Recorded data:
*** Begin section ***

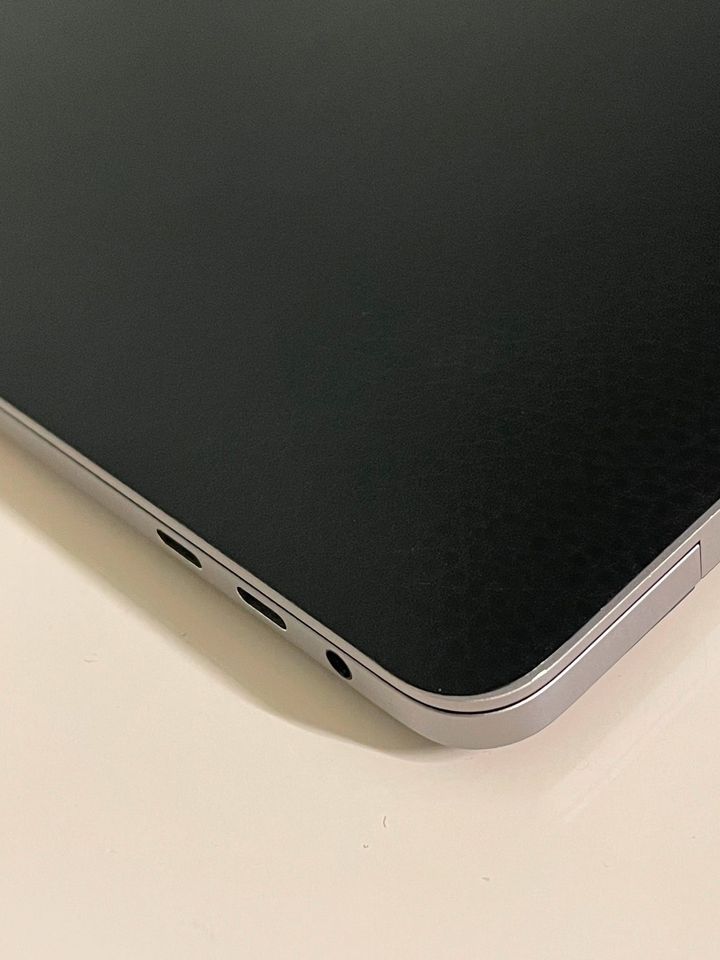 Mac Book Pro - 13 Zoll - 2019 in Hamburg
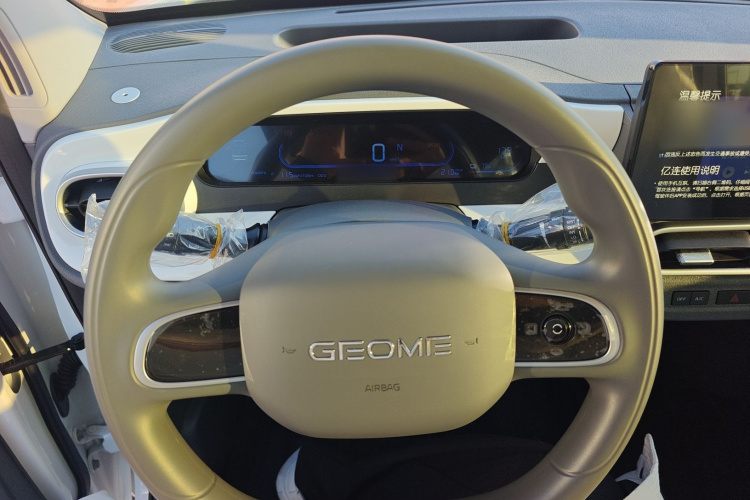 吉利银河 2025款 210km 熊猫骑士中控内饰13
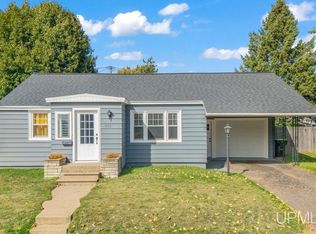 510 W A St, Iron Mountain, MI 49801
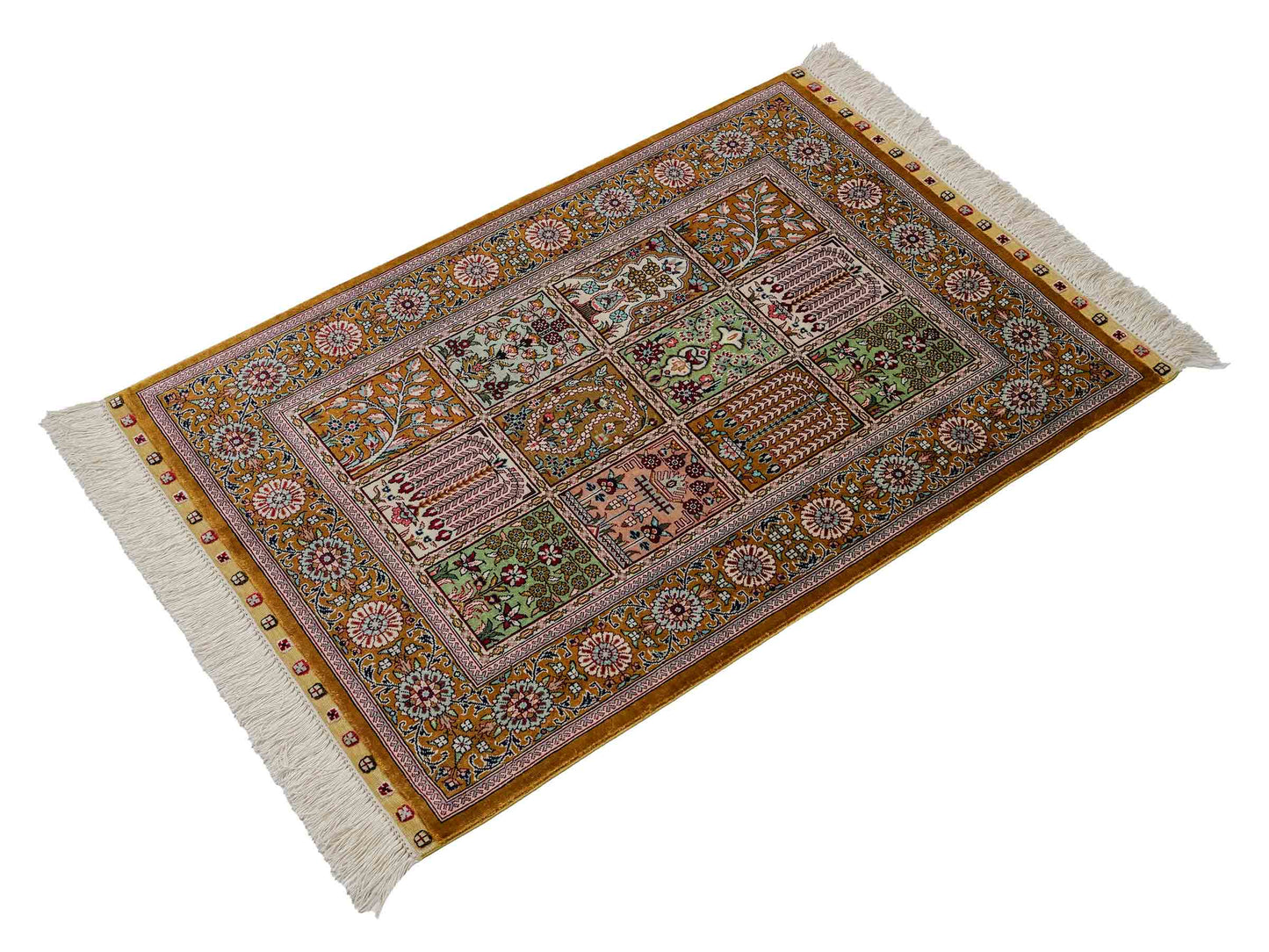 Sehr feiner, handgeknüpfter Khademi Orientteppich mit Ghom Design aus reiner Seide, braun, oliv. 93x63 cm. Vertrieb durch Jupiter Intl.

*** End section ***

Work task: Output the data above exactly; pictures do not belong in the copy.

Output for this exercise:
 Mac Book Pro - 13 Zoll - 2019 in Hamburg
 吉利银河 2025款 210km 熊猫骑士中控内饰13
 510 W A St, Iron Mountain, MI 49801
 Sehr feiner, handgeknüpfter Khademi Orientteppich mit Ghom Design aus reiner Seide, braun, oliv. 93x63 cm. Vertrieb durch Jupiter Intl.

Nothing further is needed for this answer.